LETTRES DE GEORGES TACONET A CAMILLE FLEURY (1915 –1917)
26 mars 1916
Mon cher Camille,
Merci très sincèrement de ta lettre du 22. Les détails de la mort de ce pauvre Benvesniste sont navrants. Je comprends que tu aies été touché par cette dernière marque d’amitié et je te répète la part très grande que je prends à ton chagrin.
J’ai reçu il y a trois ou quatre jours la fameuse lettre de Marie Thérèse avec adresse incomplète. Veux tu la remercier de ma part. Je vais écrire à Betsy pour la remercier de sa gentille carte.
Brusquement l’ordre de départ nous est arrivé cette nuit, puis, naturellement, contrordre. Mais nous devons partir demain matin. Où allons nous ? personne n’en sait rien. Les premiers temps cela paraît désagréable de rester ainsi dans l’ignorance, mais l’on se fait à tout et l’on suit même le mouvement avec une certaine indifférence. Le brusque départ n’indique d’ailleurs pas nécessairement un départ immédiat dans les tranchées – je comprends l’enthousiasme avec lequel tu as salué le Prince de Serbie.
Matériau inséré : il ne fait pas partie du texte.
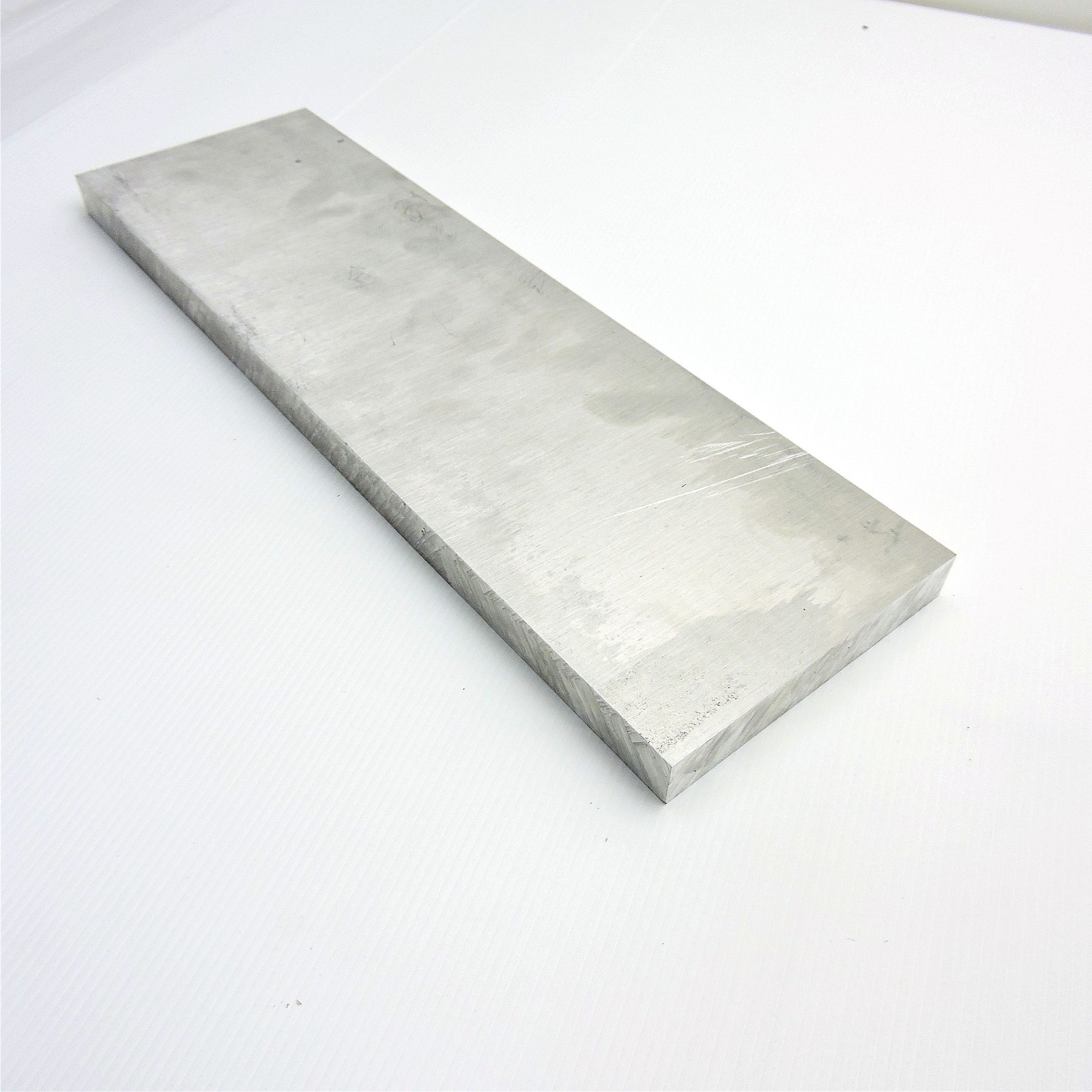 .75″ thick 3/4 Aluminum 6061 PLATE 6.25″ x 16″ Long sku 340543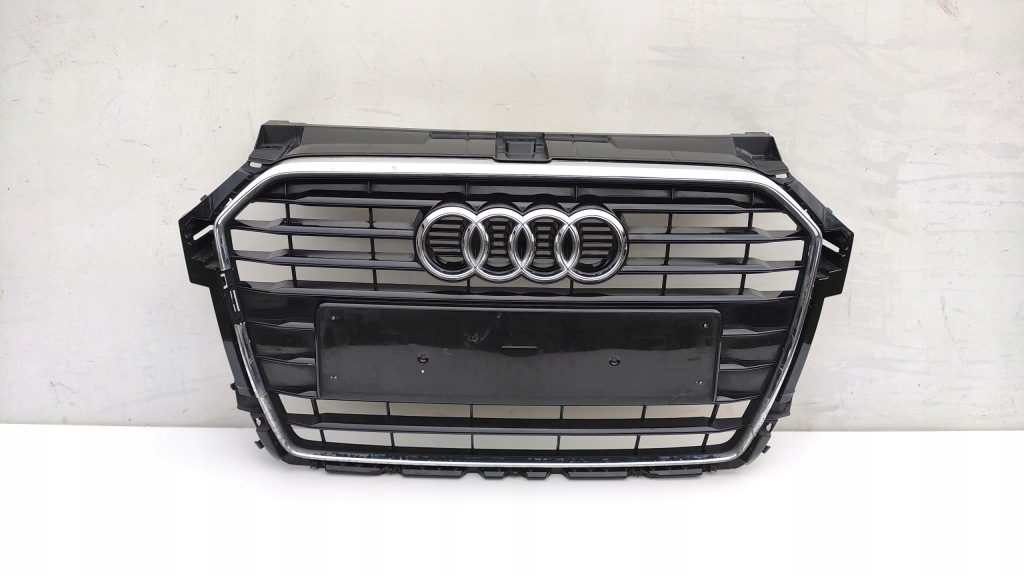 Audi a1 lift 8xa решётка радиатора бампера решётка радиатора радиатора перед 8xa853651b le-c178 с Разборки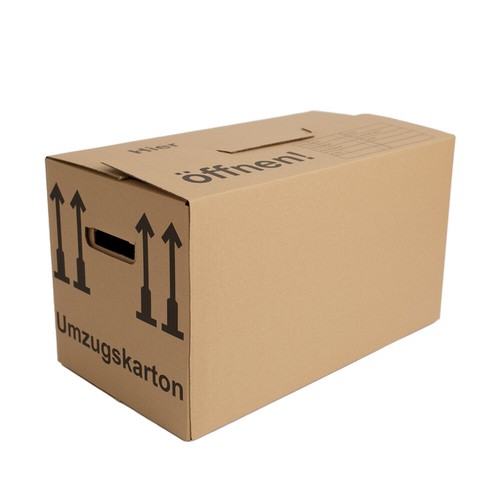 50 cartons de déménagement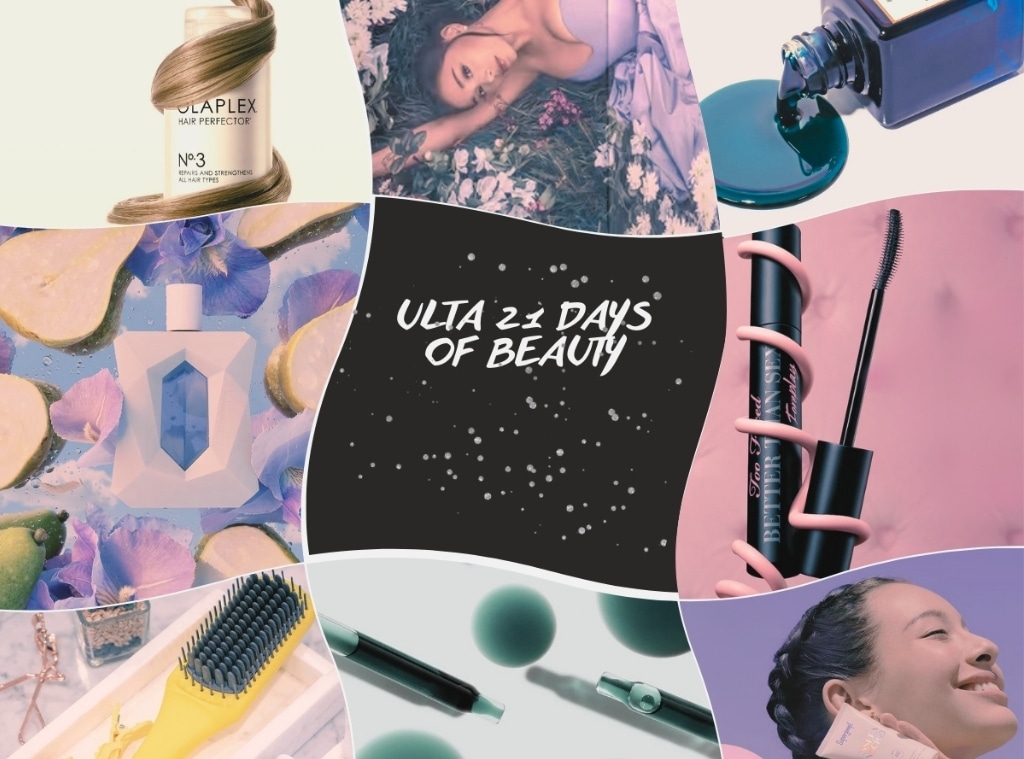 Shop Ulta 21 Days of Beauty Day 3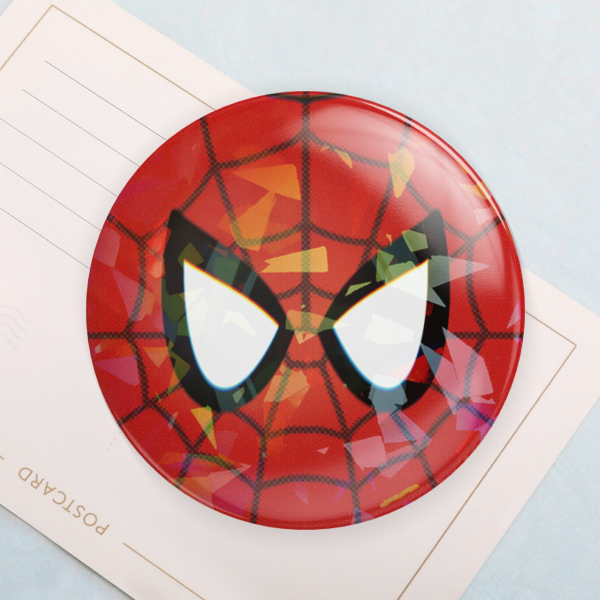 Spider-Man (Peter) Button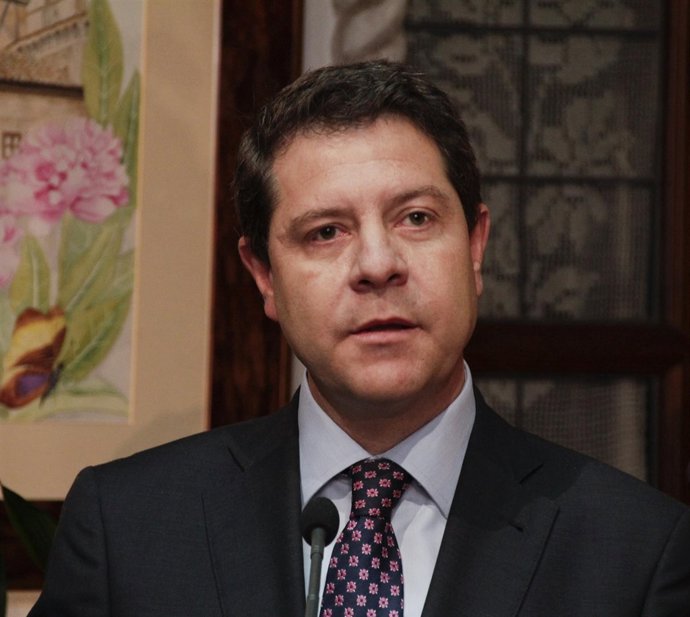 Emiliano García - Page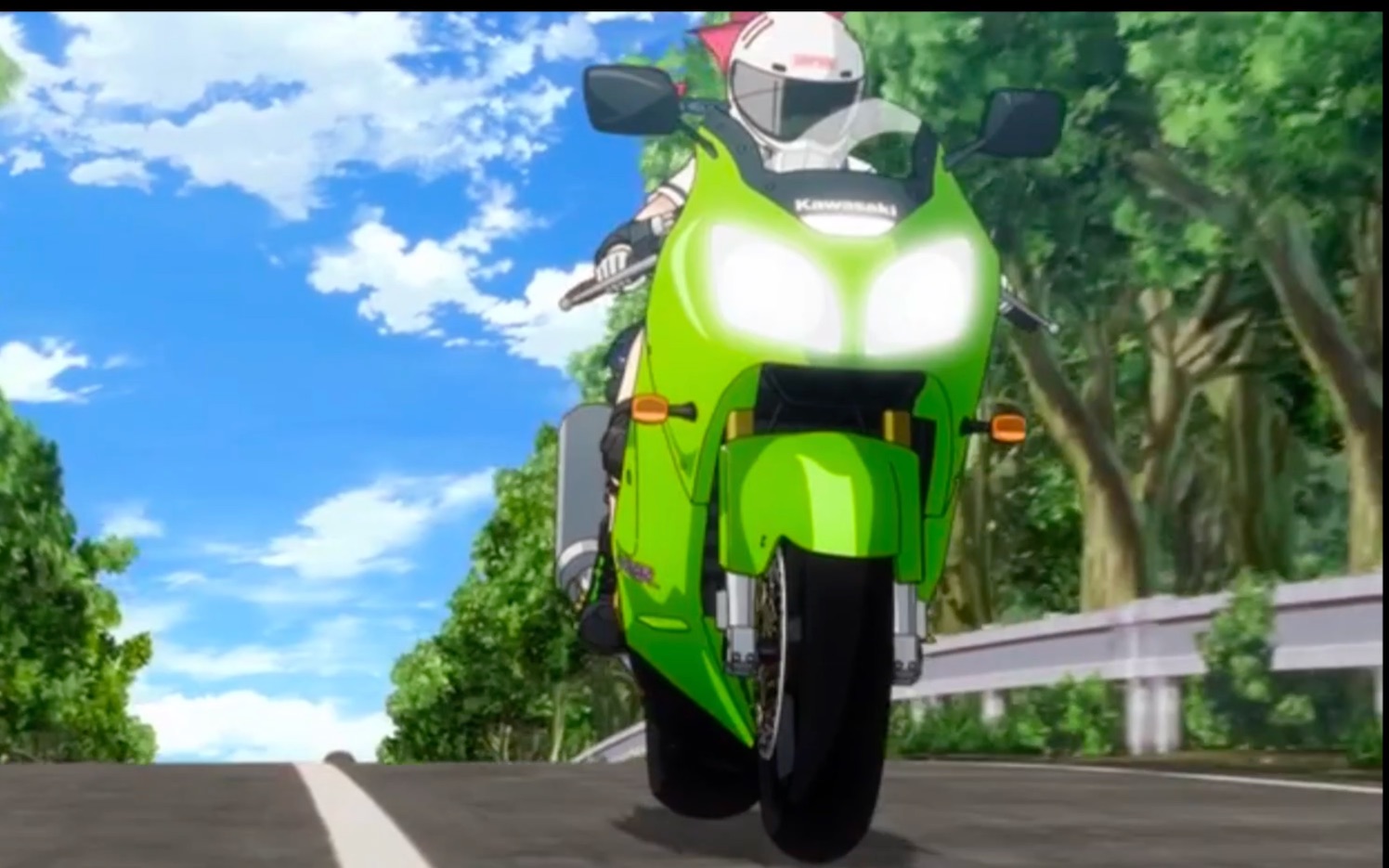 川崎暴力跑山?加油站犯病日常才是真正的我们!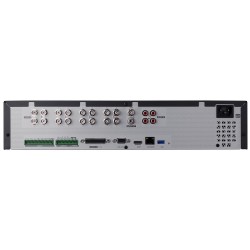 HRX-1621, 16 Kanal 8MP Pentabrid Kaydedici HRX-1621, 16 Kanal 8MP Pentabrid Kaydedici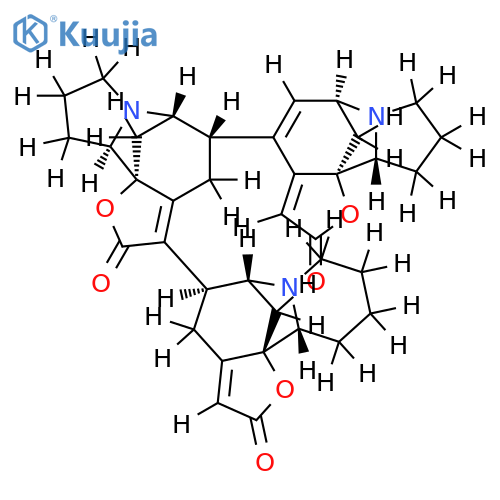 fluevirosine B structure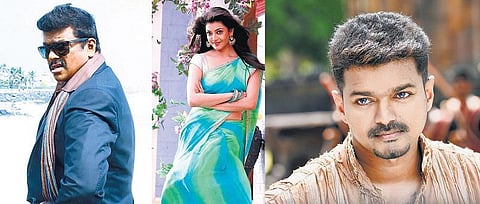 கோலிவுட் கஃபே - குள்ள அப்பு விஜய்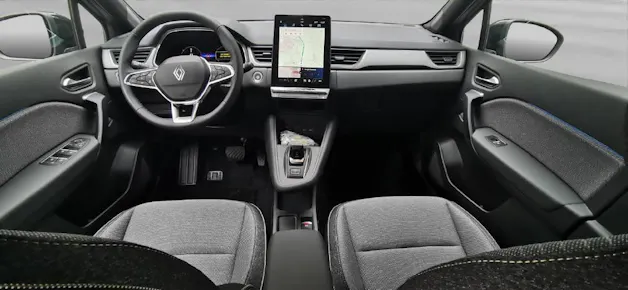 Renault Captur 1.8 E-Tech techno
Le peuple Serbe a été tout simplement admirable. Aucun peuple ne s’est battu comme eux, et je crois que c’est un exemple unique dans l’Histoire.
Je te remercie de la part que tu prends à mon bonheur. Déjà un mois de séparation. Yvonne fait preuve d’un très grand courage. L’amour nous soutient tous les deux et nous nous sentons forts. Tu m’excuseras mon cher Camille de t’écrire brièvement, je vais être pris par une séance (deux mots illisibles). Je vous embrasse tous trois bien affectueusement.
Georges Taconet
P.S. Bien content de savoir Marie Thérèse réellement mieux. J’espère apprendre prochainement qu’elle est tout à fait bien.